“Yesterday David Koch of the zillionaire Koch brothers died . . . of prostate cancer. I guess I’m going to have to reevaluate my low opinion of prostate cancer.” That was Bill Maher last Friday night, joking before his approving audience. Maher went on to say, “The Amazon is burning up. I’m glad he’s dead.” Maher is not known for his kindness toward those with whom he disagrees. In that sense, he reflects the thinking of a growing number of progressives and leftists who openly despise conservatives and libertarians. David Koch, along with his brother Charles, have for decades been targets of harsh rhetoric from the far Left.
What is it about David Koch that inspired such hatred? “We live in the world that he helped build, and it is on fire,” wrote Sarah Jones in New York, denouncing Koch’s “monstrous legacy.” In Esquire, Charles Pierce writes: “Except for his surviving brother, Charles, no man had a worse effect on American politics since the death of John C. Calhoun. Every malignancy currently afflicting us can be traced in one way or another into their wallets, and that’s not even to mention the lasting damage they’ve done to the planet as a whole.”
This is the kind of language that religious cults reserve for heretics and apostates—and in many ways, David and Charles Koch were blasphemers to the liberal orthodoxy. They believed in smaller government and thus criticized the welfare state, excessive taxation, and a great deal of government regulation. At the same time, they criticized America’s wars abroad, along with high levels of defense spending, and were sympathetic to the causes of gay rights and gay marriage. They were consistent in their views across a range of issues, antagonizing liberals but also vexing conservatives. The claim that David Koch was a reflexive right-winger is a caricature of his beliefs.
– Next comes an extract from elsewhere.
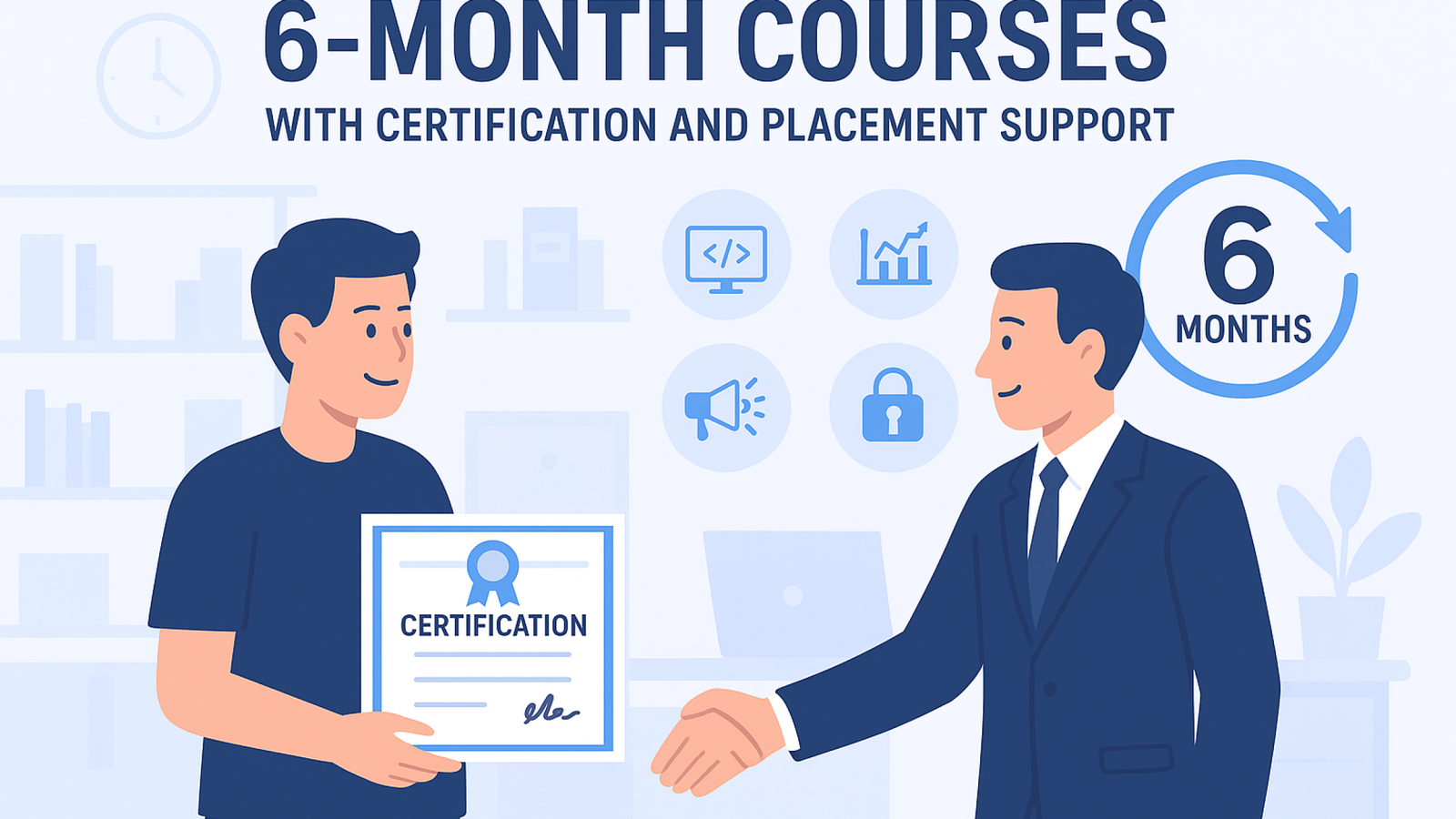6-Month Courses with Certification and Placement Support – Cambridge InfoTech career training banner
The Kochs believed in smaller government. Whether it was gay marriage or land wars in Asia, they consistently argued that less government intervention would produce freer and happier people. Their support for drug legalization and abortion rights irked plenty of conservatives, but it drove few over the edge as their support for lower taxes and greater school choice did for liberals. Perhaps nothing irked liberals more, though, than the Kochs’ fight for less environmental regulation. Blaming Charles and David Koch for singlehandedly destroying the rainforests or raising the temperature of the earth seems to be a common theme among critics—an attribution of immense power beyond the capacity of any man or family or company.
It’s certainly true that Koch-funded scholars and think tanks have done a great deal to question received wisdom on climate science and the contention that government regulation will improve air and water quality more than, say, technological progress. (The Manhattan Institute has received donations from the Kochs, and David Koch briefly served on its board.) But what’s worse, in critics’ view, is that the Kochs’ investment in the world of ideas was not really ideological. It was, they allege, merely a way for them to make more money.
Jones explains, for example, that the Kochs have opposed unions because “unions cut into a corporation’s bottom line; they make it slightly more difficult for lowly businessmen to purchase Park Avenue penthouses worth millions.” It does not occur to her to ask an obvious question: “When you’re worth $50 billion, is it really worth your time to push right-to-work laws just because you want a bigger apartment?”
In fact, one easy way for the uber-wealthy to improve their bottom line is simply to keep the money they already have. David Koch, however, was extremely generous to cultural institutions in New York City that few libertarians or Tea Party advocates would care to patronize. A decade ago, he donated $100 million to modernize Lincoln Center’s New York State Theater building in support of the opera and ballet companies that perform there. He gave $20 million to the American Museum of Natural History and pledged $10 million or more to renovate the plaza and fountains outside the Metropolitan Museum of Art. In addition, he donated millions to New York Presbyterian Hospital, the Sloan-Kettering Cancer Center, and other institutions conducting medical research. These donations merely scratch the surface of his wide-ranging philanthropy. If David Koch was selfish or stingy with his money, he had a strange way of expressing it.
His critics, such as The New Yorker’s Jane Mayer, struggle to square Koch’s generosity with the claim that he was mainly interested in protecting his wealth. Mayer even suggests, absurdly, that his donations to the National Museum of Natural History have something to do with debunking climate change. She does not try to explain how his gifts in support of opera and ballet are likely to increase his wealth or the influence of Koch Industries.
What Mayer never entertains is the possibility that maybe—just maybe—David Koch was motivated by something besides greed. “I was amazed that I had survived this accident,” he told Barbara Walters in reference to a jet collision in 1991 at Los Angeles International Airport in which 35 people died, though several others (including Koch) walked away with minor injuries. “Thinking back on it later, I felt that the good Lord was sitting on my shoulder and that He helped save my life because He wanted me to do good works and become a good citizen.”
This seems a simpler explanation than Mayer’s. But the enemies of the Kochs can never acknowledge the possibility that these men wanted not only to enrich themselves but also to spread, as widely as possible, the free-market system to improve the standard of living of millions of people who deserve better chances.